Par Myriam 122 views0

En cas de discrimination, les travailleurs peuvent désormais utiliser la loi Justice du XXIe siècle consistant à entreprendre des actions de groupe.

D’après trois rapports parmi lesquels figurent un rapport produit par le Groupe de dialogue sur la lutte contre les discriminations dans l’emploi, qui critique les attitudes discriminantes et constantes au sein de l’entreprise. Les mesures mises en place par le gouvernement pour y faire face ont été jugées inefficaces. Un avantage pour le patronat.

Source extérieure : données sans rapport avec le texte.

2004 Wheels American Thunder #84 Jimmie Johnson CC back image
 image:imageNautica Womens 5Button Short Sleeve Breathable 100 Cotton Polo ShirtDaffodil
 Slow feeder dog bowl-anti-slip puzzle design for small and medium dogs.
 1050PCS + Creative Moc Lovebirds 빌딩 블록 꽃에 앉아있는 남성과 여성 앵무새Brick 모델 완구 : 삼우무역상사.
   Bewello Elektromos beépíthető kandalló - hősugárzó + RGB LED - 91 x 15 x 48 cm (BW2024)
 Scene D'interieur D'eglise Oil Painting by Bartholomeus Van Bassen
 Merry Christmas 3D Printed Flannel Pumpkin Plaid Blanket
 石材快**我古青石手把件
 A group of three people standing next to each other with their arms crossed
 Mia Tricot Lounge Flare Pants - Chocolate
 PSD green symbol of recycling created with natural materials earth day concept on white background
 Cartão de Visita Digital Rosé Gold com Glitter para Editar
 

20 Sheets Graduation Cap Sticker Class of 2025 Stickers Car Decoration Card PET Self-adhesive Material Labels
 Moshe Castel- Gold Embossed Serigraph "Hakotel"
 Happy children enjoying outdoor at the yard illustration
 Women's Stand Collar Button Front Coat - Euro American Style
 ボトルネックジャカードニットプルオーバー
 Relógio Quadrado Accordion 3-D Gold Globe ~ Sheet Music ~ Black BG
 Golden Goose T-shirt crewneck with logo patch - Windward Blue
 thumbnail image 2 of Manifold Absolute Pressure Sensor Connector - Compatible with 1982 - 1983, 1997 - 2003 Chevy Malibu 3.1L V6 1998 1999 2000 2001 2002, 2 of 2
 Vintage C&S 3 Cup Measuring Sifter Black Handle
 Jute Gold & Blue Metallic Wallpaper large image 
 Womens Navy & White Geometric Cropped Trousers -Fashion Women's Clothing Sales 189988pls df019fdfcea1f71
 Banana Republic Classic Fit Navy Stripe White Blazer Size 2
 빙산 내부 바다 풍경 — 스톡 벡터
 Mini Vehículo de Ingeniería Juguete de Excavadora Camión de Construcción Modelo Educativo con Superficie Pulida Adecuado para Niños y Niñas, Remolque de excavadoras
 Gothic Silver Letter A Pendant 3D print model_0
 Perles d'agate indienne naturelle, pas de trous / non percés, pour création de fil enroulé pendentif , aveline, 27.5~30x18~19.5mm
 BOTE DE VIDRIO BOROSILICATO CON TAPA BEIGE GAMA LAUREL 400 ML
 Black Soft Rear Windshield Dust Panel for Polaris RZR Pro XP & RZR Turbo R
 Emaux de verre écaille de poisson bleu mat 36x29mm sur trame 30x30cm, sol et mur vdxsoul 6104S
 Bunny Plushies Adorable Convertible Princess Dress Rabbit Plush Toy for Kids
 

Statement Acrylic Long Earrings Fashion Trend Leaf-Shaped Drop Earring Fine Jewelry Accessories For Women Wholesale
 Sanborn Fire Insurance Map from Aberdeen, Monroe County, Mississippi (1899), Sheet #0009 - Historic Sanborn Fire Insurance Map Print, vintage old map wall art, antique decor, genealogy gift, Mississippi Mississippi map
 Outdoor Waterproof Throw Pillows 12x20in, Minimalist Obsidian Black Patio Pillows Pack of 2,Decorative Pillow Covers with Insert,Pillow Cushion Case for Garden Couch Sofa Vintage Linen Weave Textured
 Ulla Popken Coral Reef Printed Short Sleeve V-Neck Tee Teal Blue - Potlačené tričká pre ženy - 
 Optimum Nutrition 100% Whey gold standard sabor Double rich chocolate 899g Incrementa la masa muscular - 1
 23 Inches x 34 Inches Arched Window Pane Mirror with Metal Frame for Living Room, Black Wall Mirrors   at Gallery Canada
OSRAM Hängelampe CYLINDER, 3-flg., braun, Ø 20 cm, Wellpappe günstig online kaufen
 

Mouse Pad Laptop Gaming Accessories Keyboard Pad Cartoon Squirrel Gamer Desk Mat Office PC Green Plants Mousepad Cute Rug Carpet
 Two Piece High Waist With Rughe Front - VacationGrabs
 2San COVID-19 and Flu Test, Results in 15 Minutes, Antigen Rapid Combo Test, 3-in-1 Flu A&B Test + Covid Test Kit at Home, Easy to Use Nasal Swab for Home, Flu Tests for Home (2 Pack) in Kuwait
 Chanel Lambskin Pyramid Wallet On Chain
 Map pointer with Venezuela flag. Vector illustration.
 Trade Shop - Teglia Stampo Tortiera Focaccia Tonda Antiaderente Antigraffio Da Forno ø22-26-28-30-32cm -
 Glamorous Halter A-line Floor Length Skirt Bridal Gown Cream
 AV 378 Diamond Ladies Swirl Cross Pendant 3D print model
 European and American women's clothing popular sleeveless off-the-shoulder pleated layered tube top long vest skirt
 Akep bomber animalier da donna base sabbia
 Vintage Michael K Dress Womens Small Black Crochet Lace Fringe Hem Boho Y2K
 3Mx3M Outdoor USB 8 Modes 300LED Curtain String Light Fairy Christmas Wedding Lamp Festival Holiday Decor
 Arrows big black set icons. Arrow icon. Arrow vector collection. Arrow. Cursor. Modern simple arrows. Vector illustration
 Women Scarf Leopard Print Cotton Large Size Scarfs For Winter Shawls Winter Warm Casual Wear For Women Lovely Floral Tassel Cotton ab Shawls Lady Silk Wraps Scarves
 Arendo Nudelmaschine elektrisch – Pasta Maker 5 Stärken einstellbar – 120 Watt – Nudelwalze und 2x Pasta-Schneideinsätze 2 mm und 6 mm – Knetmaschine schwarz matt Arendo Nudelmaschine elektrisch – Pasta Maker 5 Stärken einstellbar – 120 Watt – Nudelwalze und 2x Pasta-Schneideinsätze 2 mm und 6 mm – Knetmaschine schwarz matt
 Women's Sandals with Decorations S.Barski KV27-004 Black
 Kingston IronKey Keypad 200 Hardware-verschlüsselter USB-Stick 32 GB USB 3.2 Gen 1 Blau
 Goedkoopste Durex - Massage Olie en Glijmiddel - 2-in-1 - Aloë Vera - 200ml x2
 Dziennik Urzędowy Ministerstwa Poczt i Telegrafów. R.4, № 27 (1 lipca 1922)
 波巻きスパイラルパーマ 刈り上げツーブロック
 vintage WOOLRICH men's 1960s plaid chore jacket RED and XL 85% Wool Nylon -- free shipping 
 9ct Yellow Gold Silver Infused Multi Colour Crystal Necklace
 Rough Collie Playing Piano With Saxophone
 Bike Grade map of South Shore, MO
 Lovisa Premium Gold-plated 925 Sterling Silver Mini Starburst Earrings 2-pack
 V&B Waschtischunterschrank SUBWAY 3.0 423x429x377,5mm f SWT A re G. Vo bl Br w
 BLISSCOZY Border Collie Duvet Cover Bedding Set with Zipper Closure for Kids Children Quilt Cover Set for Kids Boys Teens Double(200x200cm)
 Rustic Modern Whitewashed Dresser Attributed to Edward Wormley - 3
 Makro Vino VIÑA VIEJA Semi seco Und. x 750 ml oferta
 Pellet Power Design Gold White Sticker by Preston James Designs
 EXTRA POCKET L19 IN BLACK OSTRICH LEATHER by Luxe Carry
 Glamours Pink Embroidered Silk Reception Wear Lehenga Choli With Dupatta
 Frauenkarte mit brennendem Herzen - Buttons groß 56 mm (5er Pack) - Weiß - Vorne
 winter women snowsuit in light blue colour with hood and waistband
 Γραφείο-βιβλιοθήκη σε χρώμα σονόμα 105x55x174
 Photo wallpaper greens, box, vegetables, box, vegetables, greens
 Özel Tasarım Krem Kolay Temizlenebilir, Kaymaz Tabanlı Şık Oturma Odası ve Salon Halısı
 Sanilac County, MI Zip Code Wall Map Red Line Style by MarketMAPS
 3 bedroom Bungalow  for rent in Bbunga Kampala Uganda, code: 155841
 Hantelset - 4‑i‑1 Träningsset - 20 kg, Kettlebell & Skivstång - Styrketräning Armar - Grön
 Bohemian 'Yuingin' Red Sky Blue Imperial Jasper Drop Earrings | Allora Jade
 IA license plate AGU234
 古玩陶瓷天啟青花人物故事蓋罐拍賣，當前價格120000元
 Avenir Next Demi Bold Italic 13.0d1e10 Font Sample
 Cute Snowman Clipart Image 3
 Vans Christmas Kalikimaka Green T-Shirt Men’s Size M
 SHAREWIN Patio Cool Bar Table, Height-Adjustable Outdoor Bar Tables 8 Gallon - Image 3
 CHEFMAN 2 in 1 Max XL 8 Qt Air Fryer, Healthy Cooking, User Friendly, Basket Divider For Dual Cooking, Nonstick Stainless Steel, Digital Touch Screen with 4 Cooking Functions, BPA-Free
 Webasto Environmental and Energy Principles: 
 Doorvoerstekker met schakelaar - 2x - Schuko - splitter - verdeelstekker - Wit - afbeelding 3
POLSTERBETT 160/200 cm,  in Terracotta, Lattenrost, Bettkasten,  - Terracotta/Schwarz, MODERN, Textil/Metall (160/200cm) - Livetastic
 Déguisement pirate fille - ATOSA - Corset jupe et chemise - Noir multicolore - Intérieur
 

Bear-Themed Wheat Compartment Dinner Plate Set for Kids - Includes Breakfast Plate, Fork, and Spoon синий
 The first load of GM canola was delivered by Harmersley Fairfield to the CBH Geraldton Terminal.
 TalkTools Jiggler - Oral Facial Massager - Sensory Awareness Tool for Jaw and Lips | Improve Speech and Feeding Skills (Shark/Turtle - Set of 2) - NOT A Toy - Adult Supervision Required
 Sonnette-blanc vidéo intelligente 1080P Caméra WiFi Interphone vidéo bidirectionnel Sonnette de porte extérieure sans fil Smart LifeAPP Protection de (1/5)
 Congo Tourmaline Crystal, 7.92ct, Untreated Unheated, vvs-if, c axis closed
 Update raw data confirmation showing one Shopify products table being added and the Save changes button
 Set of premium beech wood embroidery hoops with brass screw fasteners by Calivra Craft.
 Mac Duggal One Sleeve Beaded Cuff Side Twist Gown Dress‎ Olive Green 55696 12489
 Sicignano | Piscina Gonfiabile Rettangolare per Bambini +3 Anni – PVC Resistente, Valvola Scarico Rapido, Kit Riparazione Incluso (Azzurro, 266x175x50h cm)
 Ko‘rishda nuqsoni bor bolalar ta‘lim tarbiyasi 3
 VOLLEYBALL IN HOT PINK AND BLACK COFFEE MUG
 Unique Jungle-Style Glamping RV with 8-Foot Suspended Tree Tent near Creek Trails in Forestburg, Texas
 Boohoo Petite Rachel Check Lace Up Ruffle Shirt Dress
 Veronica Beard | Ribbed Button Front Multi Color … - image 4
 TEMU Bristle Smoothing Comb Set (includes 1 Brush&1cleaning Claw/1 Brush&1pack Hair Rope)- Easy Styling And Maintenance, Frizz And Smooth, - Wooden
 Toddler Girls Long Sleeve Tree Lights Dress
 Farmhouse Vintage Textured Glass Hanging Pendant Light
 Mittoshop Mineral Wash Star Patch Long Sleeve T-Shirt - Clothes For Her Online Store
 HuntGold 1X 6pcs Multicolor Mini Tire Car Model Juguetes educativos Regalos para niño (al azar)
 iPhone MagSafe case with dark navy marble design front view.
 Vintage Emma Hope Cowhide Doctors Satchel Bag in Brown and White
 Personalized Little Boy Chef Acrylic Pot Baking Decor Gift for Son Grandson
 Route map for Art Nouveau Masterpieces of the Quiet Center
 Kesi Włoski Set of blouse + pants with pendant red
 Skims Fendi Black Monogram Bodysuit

France Stratégie a dévoilé un rapport en septembre qui estime à 150 milliards le coût économique occasionné par les discriminations d’accès à l’emploi et aux postes intitulés. La perte en croissance due aux discriminations dans l’emploi concernant surtout les femmes tournerait autour de 3 % à 14 % du PIB.

Un second rapport dévoilé en décembre par la Dares portant sur les risques que représente la discrimination à l’embauche.

Grâce à l’envoi de 3 000 CV fictifs à une quarantaine de d’entreprises renommées, il était question d’évaluer la façon dont les demandeurs d’emploi venant de plusieurs contrées du monde sont traités.

Au final, 47% des CV envoyés par des demandeurs d’emploi d’origine européenne ont reçu des réponses favorables, contre 36% seulement pour les CV pour les personnes d’origine maghrébine. Une entreprise sur trois a affiché une attitude discriminatoire…

N’ayant reçu aucune sanction, celles-ci ont été appelées par le ministère du Travail à changer de méthode. Ce rapport a été commandé par le Groupe de dialogue sur la lutte contre les discriminations. Ce collectif fondé en 2014, travaille sous la surveillance des ministères du Travail et de la Ville. Elle réunit surtout les représentants de l’État, l’institution indépendante du Défenseur des droits, de Pôle emploi, et des associations et des syndicats, comme FO.

Le gouvernement peu efficace dans son engagement

Au mois de septembre, le patronat était sorti du Groupe, désavouant les « règles contraignantes » adressées aux entreprises, celle surtout validées par la loi Justice du XXIe siècle qui permet aux salariés, membres des syndicats, de lancer une action de groupe dans le cadre de discrimination.